Do Americans Really Save Too Little and Should We Nudge Them to Save More? The Ethics of Nudging Retirement Savings

ABSTRACT:

The contention that consumers systematically “undersave” for retirement is a frequent example provided by adherents to behavioral economics and behavioral law and economics to purportedly illustrate their theories. Although frequently asserted, the claim that people systematically undersave is rarely assessed empirically. 

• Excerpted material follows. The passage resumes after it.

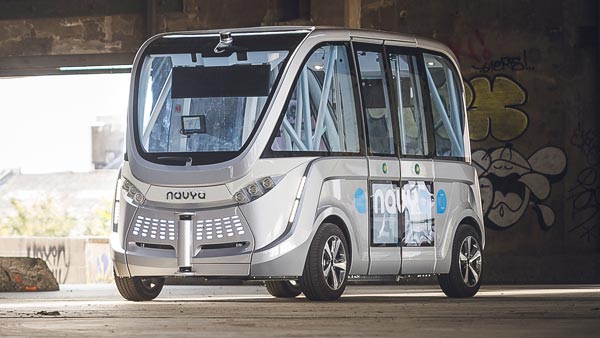 ರೋಡ್ ಟೆಸ್ಟಿಂಗ್ ವೇಳೆ ಮಹಿಳೆಗೆ ಗುದ್ದಿದ್ದ ಡ್ರೈವರ್‍‍ಲೆಸ್ ಬಸ್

This article, written for the Georgetown Institute for the Study of Markets and Ethics Symposium on “The Ethics of Nudging,” examines available data on how many people fail to save and the reasons why they do not. According to available evidence, the overwhelming number of households saves enough or more than they need for retirement; only a small minority does not seem to save enough. Those who do not save for retirement lack the money to do so or allocate available resources to paying down consumer and student loan debt. Behavioral economics theories explain little of the observed patterns of saving or non-saving behavior. Moreover, behavioral economics itself suggests that many people probably oversave for retirement and makes no effort to reconcile these offsetting biases. 

More fundamental, once it is recognized that there is an opportunity cost to saving more—one must consume less today, borrow more, or work more—the theoretical validity of the claim that people undersave because of behavioral biases is suspect. Given the inherently subjective nature of opportunity cost, a central planner cannot be confident that he can make people better off by influencing their consumption expenditures across time than he could by shifting consumption expenditures across different goods and services today. It is concluded that there is little reason to believe that people would be made better off by nudging them to save more for retirement.